O debate sobre o nazismo como uma ideologia de esquerda foi levantado no Brasil a partir dos anos 2000 por Olavo de Carvalho. A visão rapidamente se espalhou por páginas de direita brasileiras, ganhando adesão também entre contas de viés liberal que adotaram posições conservadoras. Entre os adeptos está o deputado Eduardo Bolsonaro, filho do presidente da República e atual presidente da Comissão de Relações Exteriores da Câmara.
No país, os atuais defensores da visão "nazismo de esquerda" costumam se basear no nome oficial da agremiação nazista, chamada de Partido Nacional-Socialista dos Trabalhadores Alemães, ou NSDAP. A presença da palavra "socialista" revelaria a linha ideológica do regime.

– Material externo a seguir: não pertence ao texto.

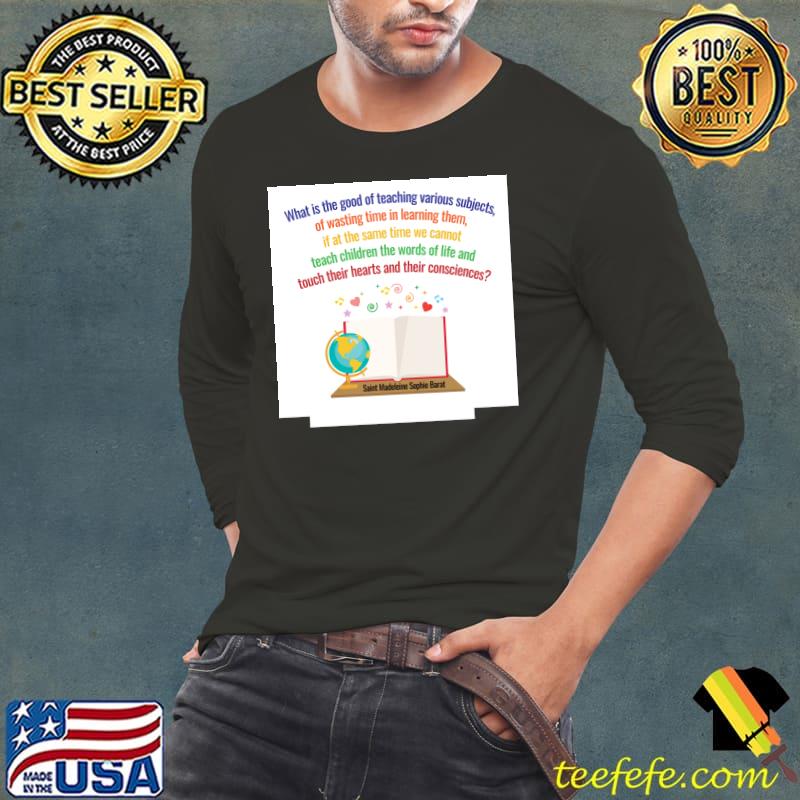 What is the good of teaching various subjects of wasting time in learning them teach children the words of life and thouch T-Shirt Long Sleeve Tee What is the good of teaching various subjects of wasting time in learning them teach children the words of life and thouch T-Shirt Long Sleeve Tee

Historiadores internacionais de renome, porém, destacam que essa nomenclatura e a inclusão de políticas tidas como de esquerda no programa de governo apresentado antes das eleições de 1933 não passaram de uma estratégia eleitoral para atrair a classe trabalhadora.

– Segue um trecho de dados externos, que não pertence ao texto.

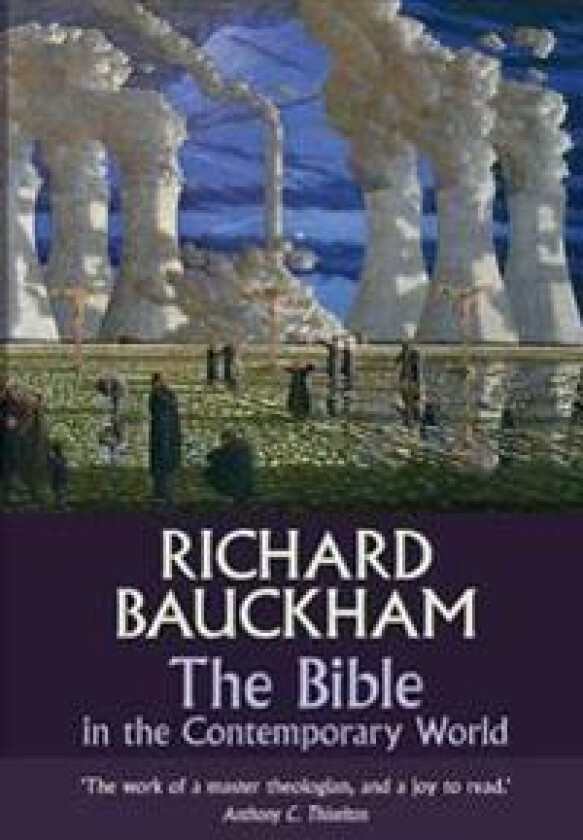 The Bible in the Contemporary World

"Na prática, isso não teve significado algum. O partido nazista se associou rapidamente e de maneira efetiva com as forças de direita da República de Weimar e, depois da tomada do poder, se juntou com as forças de direita da sociedade. Hitler nunca seguiu uma política socialista", destaca Kansteiner, lembrando o episódio que ficou conhecido como Noite das Facas Longas, em junho de 1934, quando integrantes de uma ala mais à esquerda do NSDAP foram mortos.
Apesar de circular há algum tempo entre grupos de direita, essa distorção histórica chamou a atenção na Alemanha apenas no ano passado, quando um vídeo publicado pela embaixada alemã em Brasília no Facebook sobre como a sociedade alemã lida com o nazismo e o Holocausto virou alvo de ataques de militantes direitistas brasileiros. 
Em entrevista à DW, o embaixador da Alemanha no Brasil, Georg Witschel, afirmou na época que a discussão sobre o "nazismo de esquerda" não tinha uma base honesta.
"Há muitas pessoas que não sabem muito sobre o nazismo. E nós queremos informar. Uma pessoa informada vai fazer de tudo para evitar uma volta do nazismo. Mas parece que há outros que têm um interesse político de reinterpretar o nazismo para encaixá-lo de acordo com seus objetivos imediatos. Esses grupos políticos fazem tentativas desonestas de mover a responsabilidade do Holocausto para o colo de outros", disse então Witschel.